“There is not a single, credible scientific study that associates the Bair Hugger system with a surgical site infection. On the contrary, there is ample evidence that it actually helps patients.”
-Dr. Michelle Stevens, Chief Medical Officer, 3M Infection Prevention Division
IMPORTANT ANSWERS ABOUT THE BAIR HUGGER PATIENT WARMING SYSTEM
What is the 3M™ Bair Hugger™ patient warming system?
The Bair Hugger warming system is used by more than 80 percent of U.S. hospitals to keep patients warm before, during, and after surgery. The Bair Hugger warming system draws in the filtered air of the operating room, passes it through an internal filter and warms that air to the selected temperature. The warmed air flows to a single-use Bair Hugger warming blanket through an enclosed hose, and is then gently dispersed across the surface of the skin. Contrary to claims from a competitor, the Bair Hugger system does not disrupt the air flow in the operating room.
I’ve seen advertising suggesting that the Bair Hugger warming system caused infections during knee and hip replacement surgery. Are these advertisements true?
No. The advertisements are wrong and misleading. There is no evidence that the Bair Hugger system ever caused an infection in any of more than 200 million patients who have been warmed with it. These advertisements are paid for by lawyers who hope to file lawsuits to try to make money.
Can the Bair Hugger patient warming system cause infections?
No. There is no evidence that the Bair Hugger system’s forced-air warming causes infections.
In fact, scientific literature suggests that maintaining normal body temperature during surgery can have numerous benefits that include a reduction in the rate of postoperative infections, reduced blood loss, a reduction in the possibility of heart attacks, shorter recovery times and lower mortality rates.
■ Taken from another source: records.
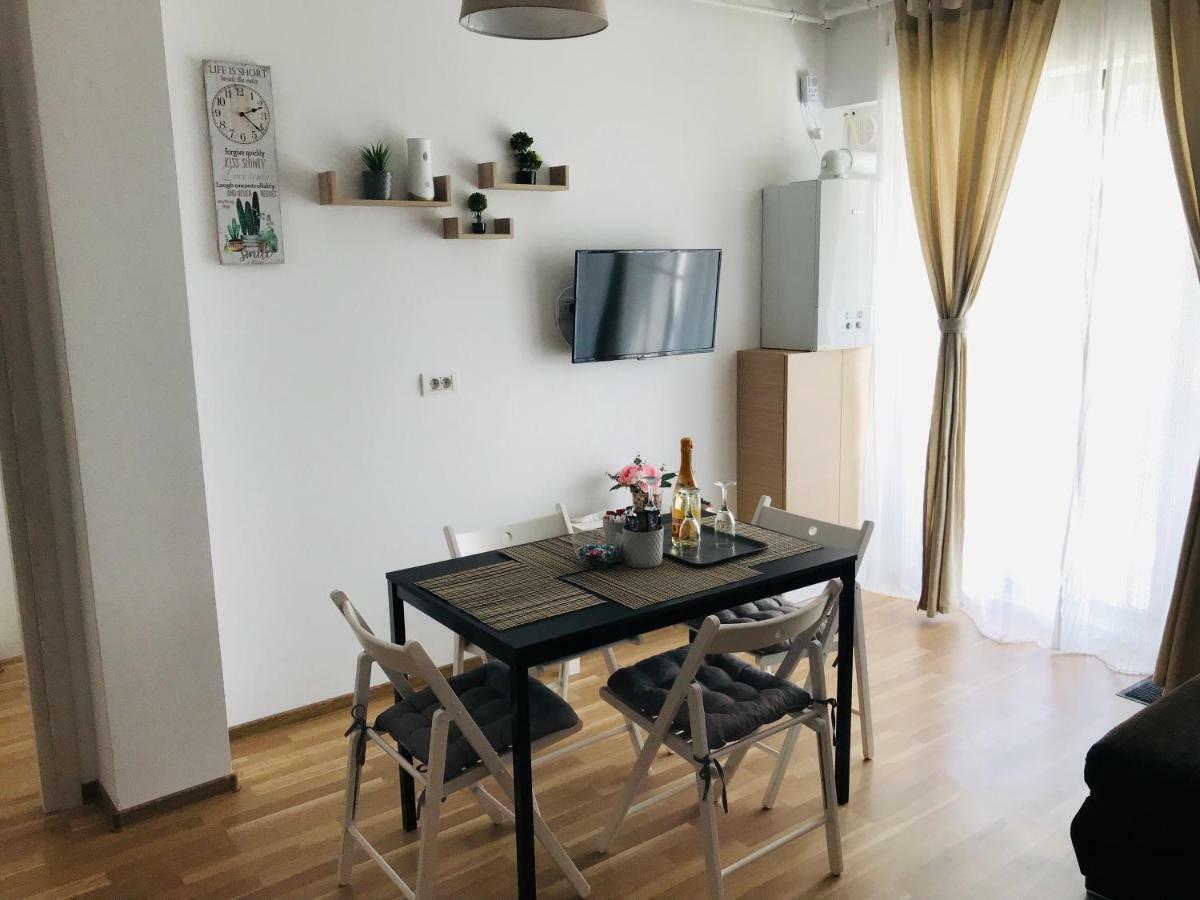 마마이아 Apartament Cristina 아파트 외부 사진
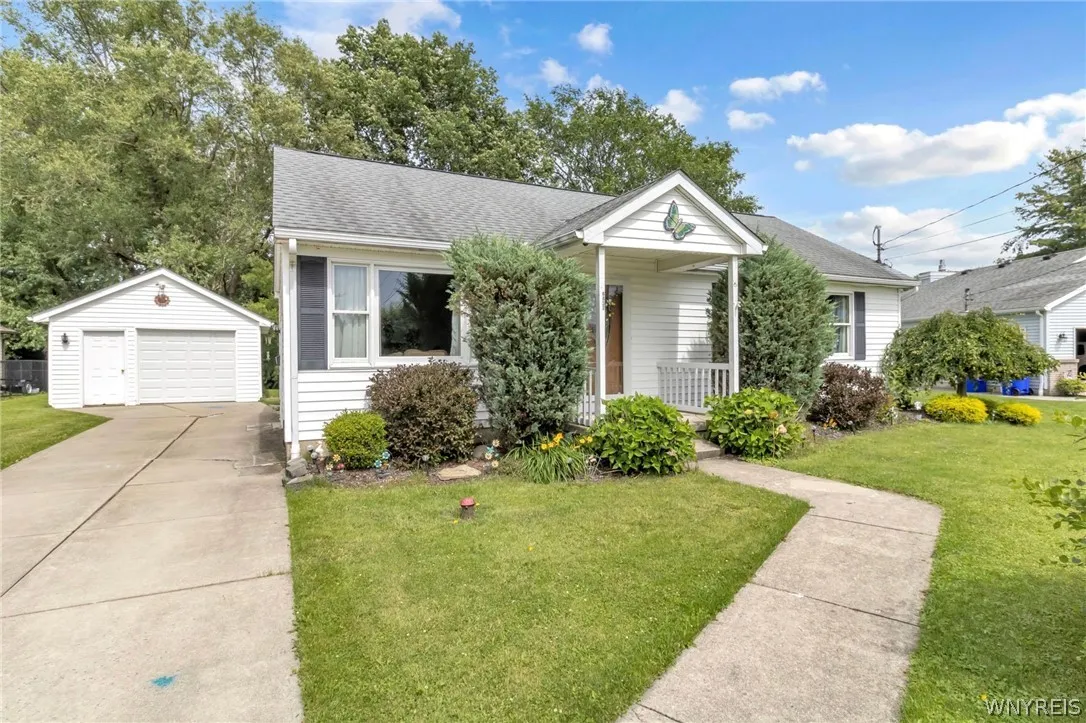 4437 Willow Lane, Hamburg, New York 14075, Hamburg, New York 14075, 3 Bedrooms Bedrooms, 6 Rooms Rooms,1 BathroomBathrooms,Residential,For Sale,4437 Willow Lane, Hamburg, New York 14075,0,B1693949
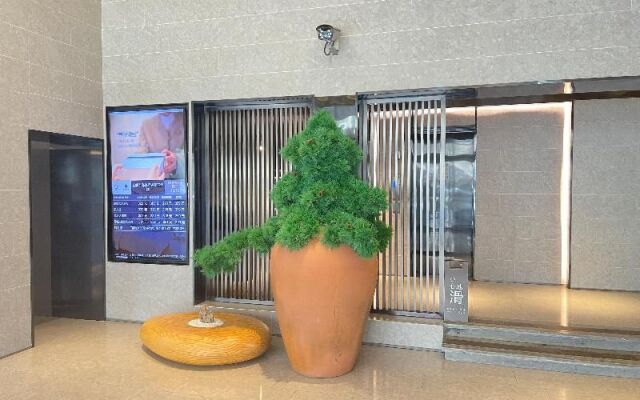 Ji Hotel(Shanghai Nanxiang Ancient Garden Branch)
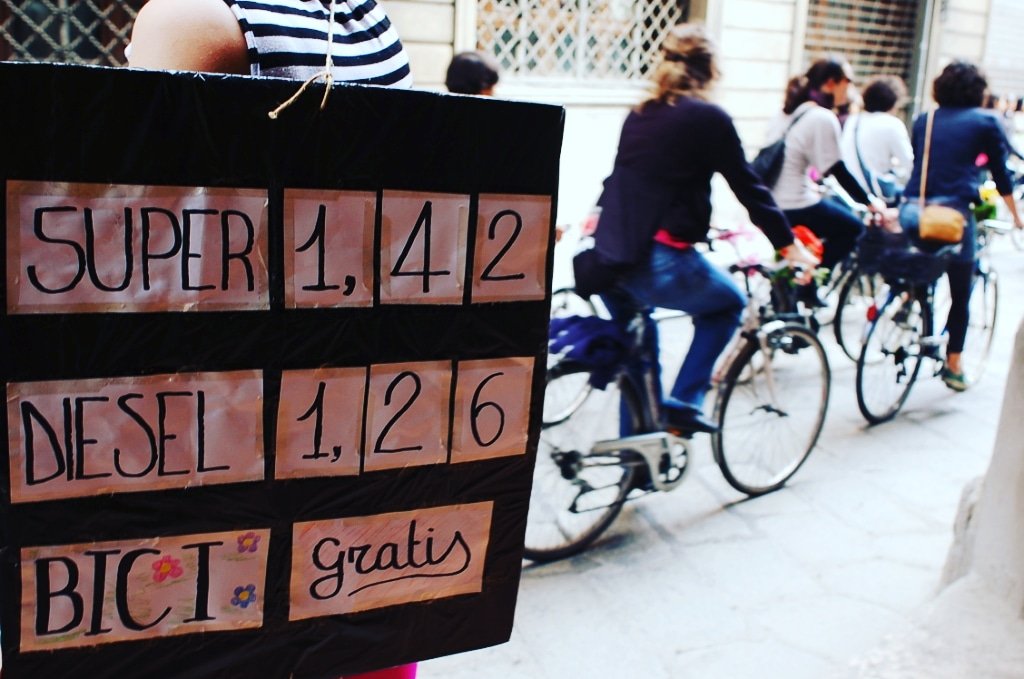 BikePride_Bolo's tweet photo. Fatti furbo, scegli la bici! 😉
#bikepride2018 #bike_evolution #bikeproud #ciclistiselvaggi #ciclisti #bologna #bici #stopauto #13maggio #montagnola https://t.co/oAvNCvQnhZ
The Bair Hugger system is a safe and effective method of maintaining normal body temperature during surgery.
Why am I seeing these ads now?
A competitor that sells a different type of warming device claims the Bair Hugger system can cause air movements that could allow microorganisms to infect patients. There is absolutely no proof of that. By raising doubts, the competitor hopes to sell more of his warming devices. He also is working with lawyers to try and blame the Bair Hugger system for infections suffered by patients during surgery.
Have any of these lawsuits been resolved?
3M, which makes the Bair Hugger warming system, takes every allegation of patient injury seriously. 3M does not believe there is merit to any of the lawsuits it has evaluated. None of the claims have yet made it to trial. 3M is confident that the science will show the Bair Hugger system is not the cause of these surgical site infections.
How prevalent are surgical site infections?
About one of every 100 patients develops an infection after surgery. Rates will vary depending on the type of surgery and the patient's risk factors.
What causes a surgical site infection?
Many factors can cause a surgical site infection. Everyone has bacteria in their bodies. The majority of surgical site infections come from the patient’s own bacteria. When the skin is opened, that bacteria can enter the surgical wound. A number of factors are known to increase the risk of surgical site infections, including having other medical problems or diseases such as diabetes, high blood pressure or heart disease, being elderly, or overweight and smoking. The U.S. Centers for Disease Control discusses surgical site infections here.
How does the Bair Hugger system affect the risk of surgical infection?
A widely accepted practice for reducing the risk of infection is to maintain a surgical patient’s core body temperature greater than 96.8° F throughout the surgical procedure. Keeping people warm during surgery can, in fact, reduce the risk of infections, reduce the length of hospital stays and improve overall outcomes from surgery. Numerous healthcare professional organizations have recommended the use of forced-air warming to safely and effectively maintain a patient’s normal body temperature during surgery.